Panama remains in 37th position on the latest Corruption Perception Index (CPI) of 180 countries released by Berlin-based Transparency International (TI) which has an active local chapter
The Index 2018. reveals a disturbing link between corruption and the health of democracies: countries with higher rates of corruption also have weaker democratic institutions and political rights.
The top and bottom of the index haven’t seen much change. Somalia, Syria and South Sudan have the lowest scores. Top performers include the Nordics – Denmark, Finland, Sweden, and Norway – plus New Zealand, Singapore and Switzerland.
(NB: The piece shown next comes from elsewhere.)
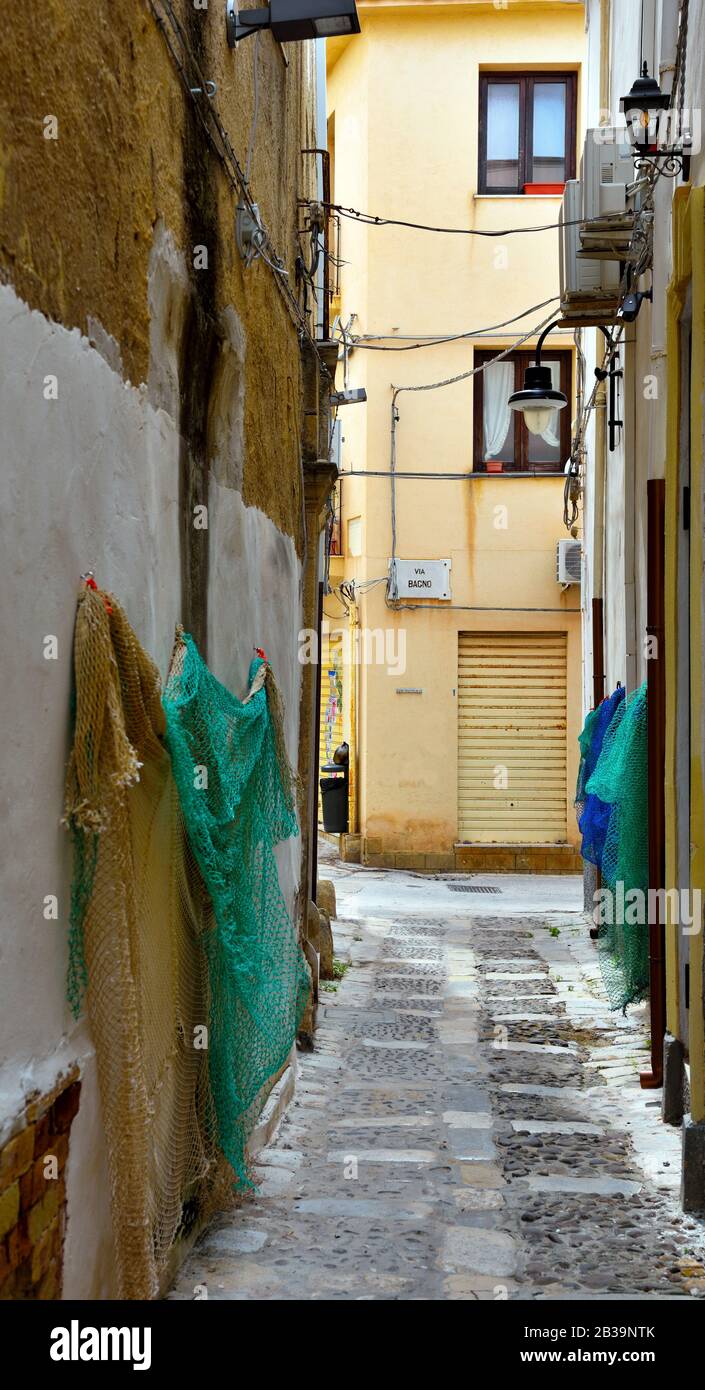 Reti da pesca nei vicoli del centro storico di Mazara del Vallo Sicilia Italia Foto Stock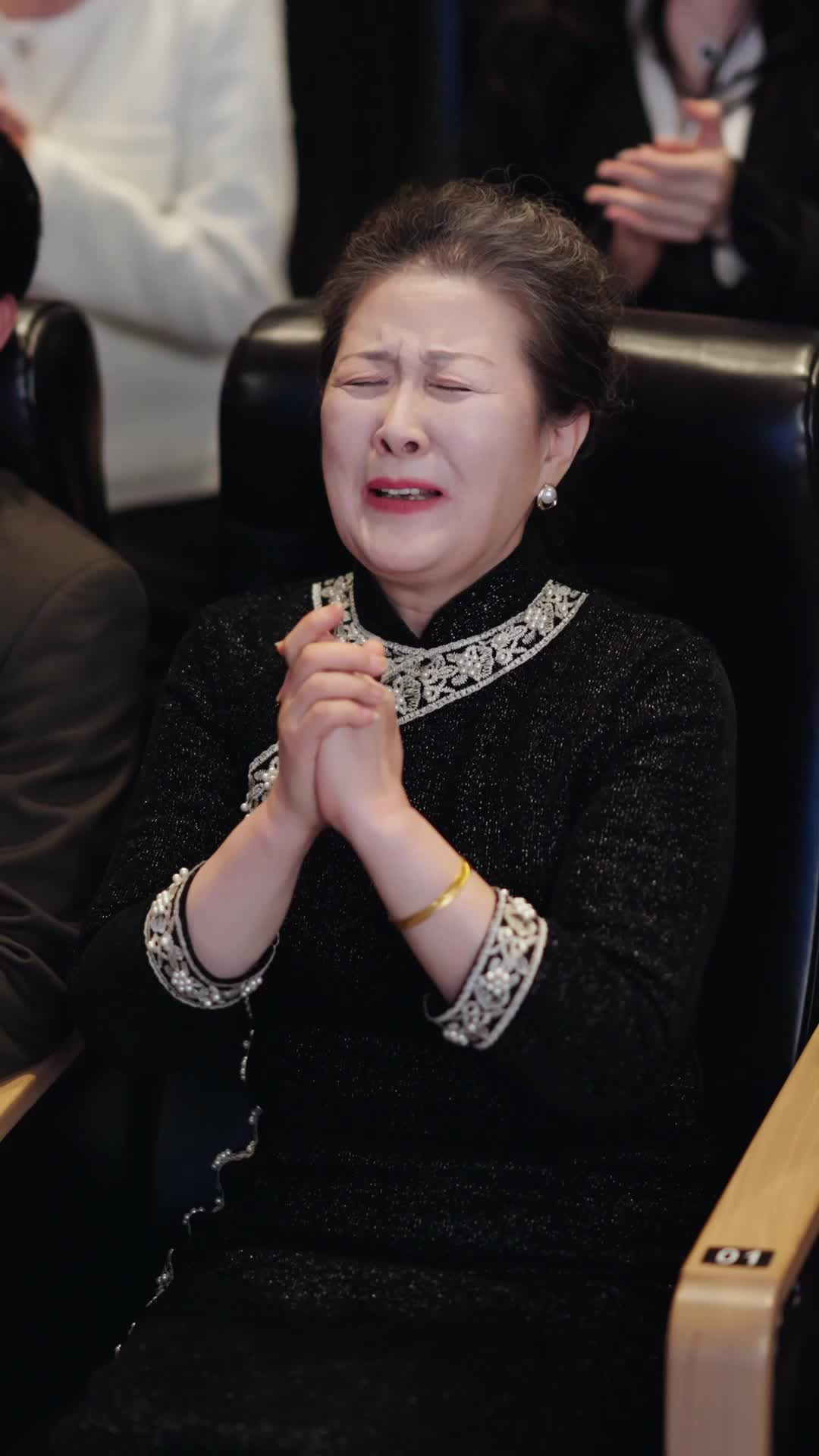 Episode 75 of Silent Star, Shining Scars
These countries mostly have several democratic attributes in common that help them keep corruption in their public sectors under control.
But many of the countries have also been involved in major corruption scandals
Denmark, which tops the list this year, has been rocked by the revelations of massive money-laundering at the Estonian branch of Danske Bank, the country’s biggest lender Danske, is spending hundreds of millions to fix the problem. .
Switzerland – particularly its banks and other financial intermediaries – is a regular feature in stories about stolen public money finding its way out of countries around the world.
The CPI doesn’t measure private-sector corruption like money laundering, tax fraud, foreign bribery, financial secrecy or illicit flows of money. It also doesn’t look at individual corruption cases.